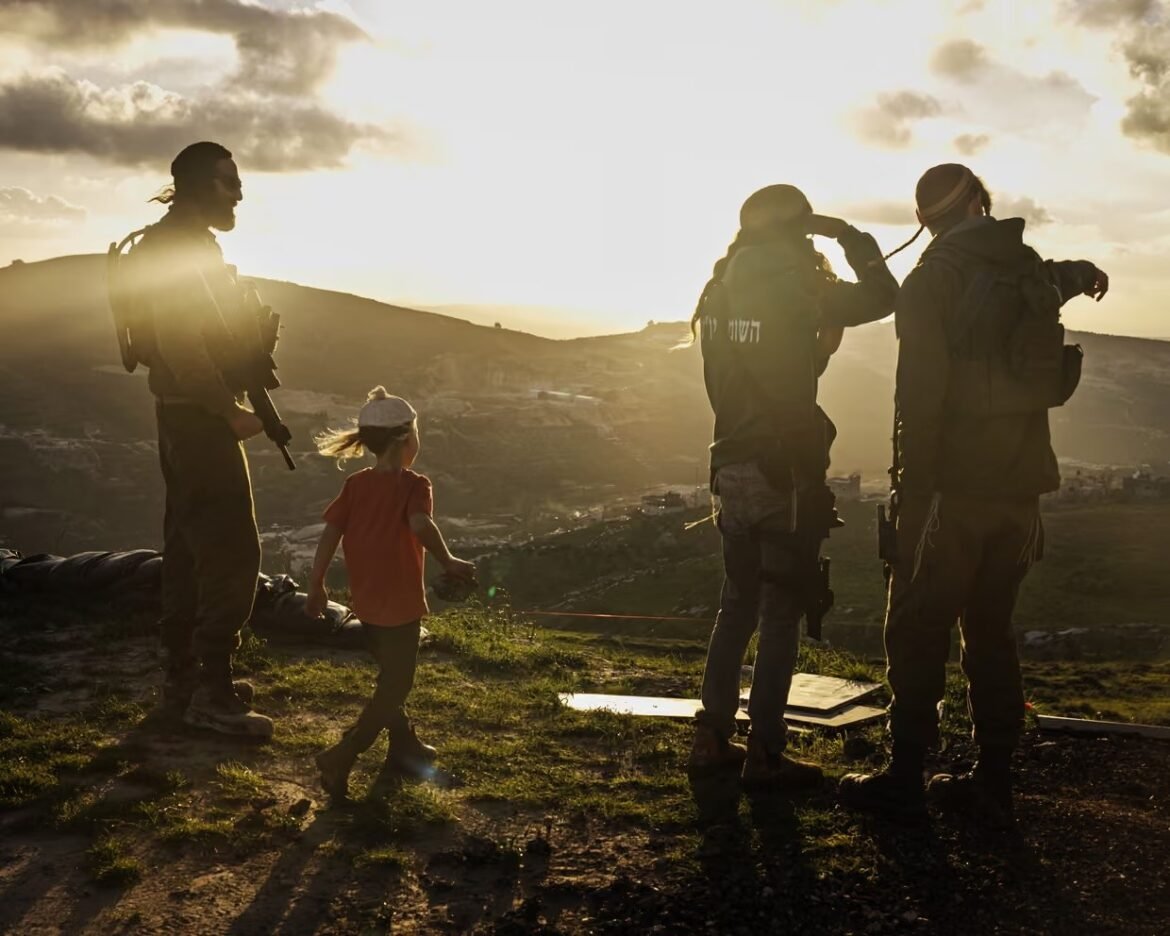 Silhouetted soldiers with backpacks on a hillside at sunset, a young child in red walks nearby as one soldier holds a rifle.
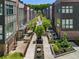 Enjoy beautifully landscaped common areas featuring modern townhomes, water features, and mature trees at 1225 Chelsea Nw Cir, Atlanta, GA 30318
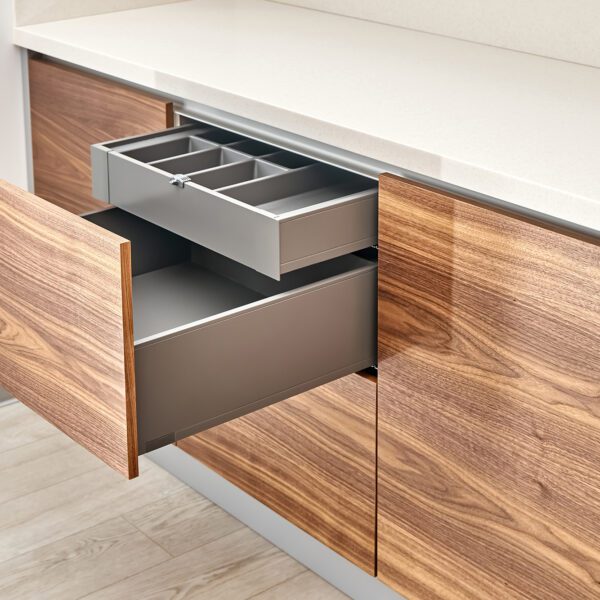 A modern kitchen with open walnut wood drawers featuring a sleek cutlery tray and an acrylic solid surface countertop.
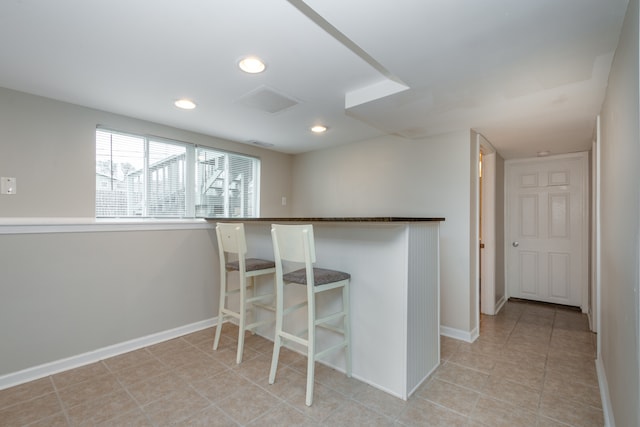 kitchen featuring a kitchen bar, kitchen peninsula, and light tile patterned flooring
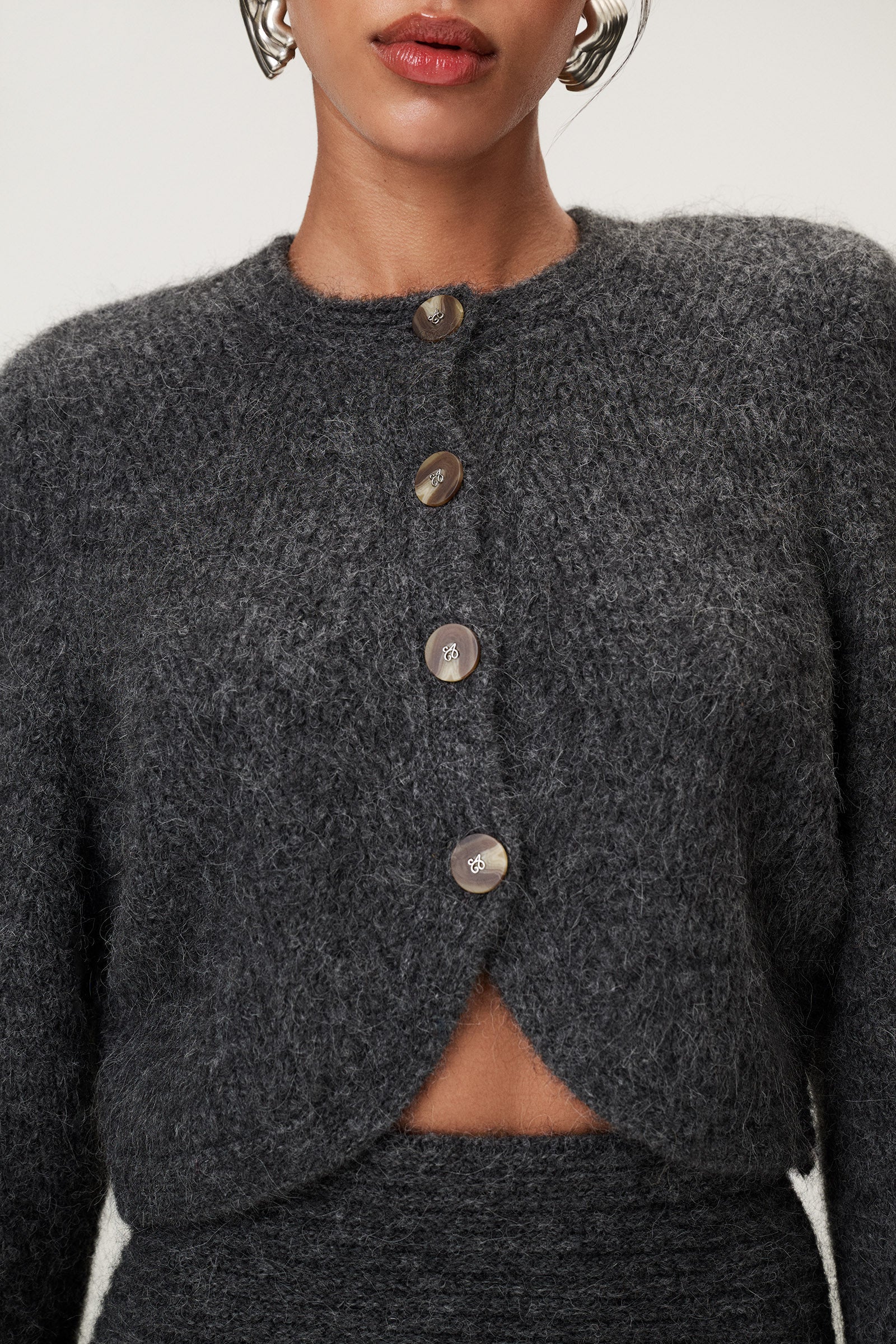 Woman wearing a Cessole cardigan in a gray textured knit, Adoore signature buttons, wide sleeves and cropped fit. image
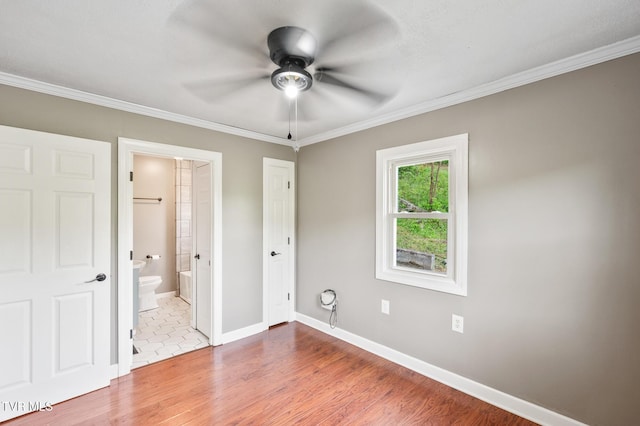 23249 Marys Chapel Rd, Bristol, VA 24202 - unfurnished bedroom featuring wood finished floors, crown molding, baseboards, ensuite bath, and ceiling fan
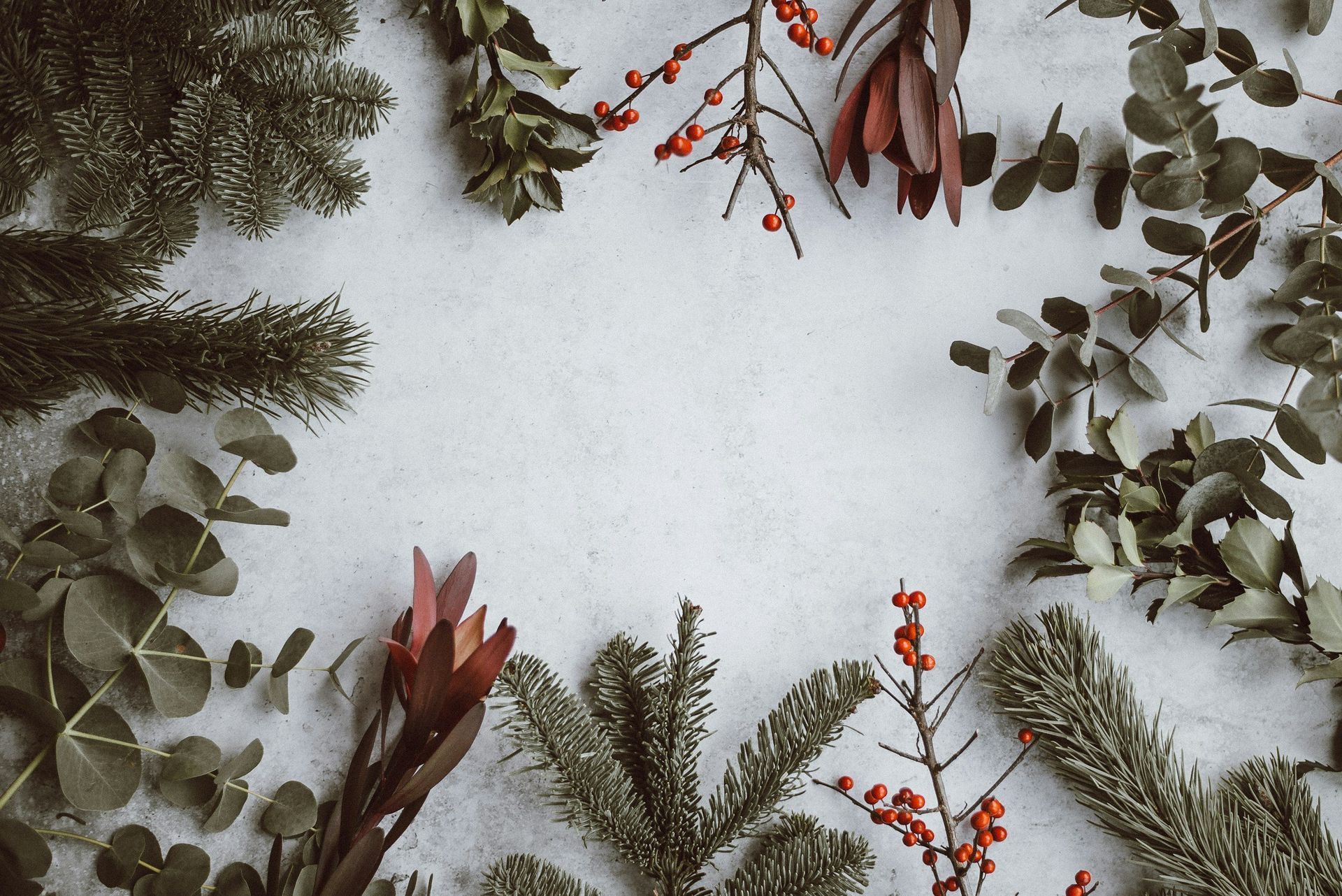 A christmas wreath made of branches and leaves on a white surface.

* [Your instructions] After dropping the pictures, please set down the lines from the beginning of the listing through the line containing "A modern kitchen", both included, exactly as they stand.

* [The completed task]
 Silhouetted soldiers with backpacks on a hillside at sunset, a young child in red walks nearby as one soldier holds a rifle.
 Enjoy beautifully landscaped common areas featuring modern townhomes, water features, and mature trees at 1225 Chelsea Nw Cir, Atlanta, GA 30318
 A modern kitchen with open walnut wood drawers featuring a sleek cutlery tray and an acrylic solid surface countertop.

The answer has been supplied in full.